Je note d’ailleurs, que le Président de la République a eu l’occasion d’indiquer qu’à titre personnel, il ne serait pas choqué d’une telle évolution. Dans ces conditions, je ne doute pas que vous aurez à cœur d’en faire une des questions essentielles de vos débats, notamment lors de votre convention nationale qui se tiendra à la mi-octobre.

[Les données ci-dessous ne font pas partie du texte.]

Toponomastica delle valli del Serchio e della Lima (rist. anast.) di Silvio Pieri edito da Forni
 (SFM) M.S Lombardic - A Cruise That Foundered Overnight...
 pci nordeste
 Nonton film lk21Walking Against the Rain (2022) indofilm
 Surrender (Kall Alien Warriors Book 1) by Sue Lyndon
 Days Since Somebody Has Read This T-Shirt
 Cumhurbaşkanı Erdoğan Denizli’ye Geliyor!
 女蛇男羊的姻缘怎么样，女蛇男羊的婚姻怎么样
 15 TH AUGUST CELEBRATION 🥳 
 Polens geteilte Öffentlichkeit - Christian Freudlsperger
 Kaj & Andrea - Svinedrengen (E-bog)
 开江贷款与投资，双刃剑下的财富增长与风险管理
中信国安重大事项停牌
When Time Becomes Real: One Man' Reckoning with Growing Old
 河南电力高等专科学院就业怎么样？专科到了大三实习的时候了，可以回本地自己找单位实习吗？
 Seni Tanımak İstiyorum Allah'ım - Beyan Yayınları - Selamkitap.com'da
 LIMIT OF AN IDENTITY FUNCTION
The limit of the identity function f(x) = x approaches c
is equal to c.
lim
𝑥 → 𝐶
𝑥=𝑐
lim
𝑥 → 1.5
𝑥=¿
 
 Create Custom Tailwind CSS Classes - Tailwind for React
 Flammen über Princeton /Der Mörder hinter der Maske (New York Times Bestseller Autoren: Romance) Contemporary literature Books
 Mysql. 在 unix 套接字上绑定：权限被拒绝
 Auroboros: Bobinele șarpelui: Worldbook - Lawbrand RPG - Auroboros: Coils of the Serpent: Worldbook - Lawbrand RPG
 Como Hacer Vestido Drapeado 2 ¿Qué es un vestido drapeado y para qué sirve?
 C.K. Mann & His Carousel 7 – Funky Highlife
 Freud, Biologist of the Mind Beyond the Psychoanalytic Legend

Quoiqu’il en soit, le temps me semble venu de faire progresser les réflexions de chacun sur la base d’un texte. Non pas qu’à ce stade je vous annonce un dépôt d’un projet de loi ; ce serait prématuré. Mais au point où nous en sommes, le cadre général et les différentes exigences à prendre en compte ayant été expertisés par M. Prada et éclairés par vos réactions, en particulier ce matin, c’est au regard d’un dispositif précis que nous pourrons prendre définitivement parti. J’ai donc demandé au directeur des affaires civiles et du Sceau, que je remercie d’avoir animé cette table-ronde, de préparer un avant- projet qui sera soumis, au cours de l’automne, à votre appréciation ainsi qu’à celle de tous les acteurs qui se sont mobilisés depuis quelques semaines.

Mesdames et Messieurs, j’en appelle donc à l’intérêt général, qui excède celui de telle ou telle catégorie professionnelle. Il en va de la place du Droit et de la compétitivité juridique de nos entreprises.

Je vous remercie.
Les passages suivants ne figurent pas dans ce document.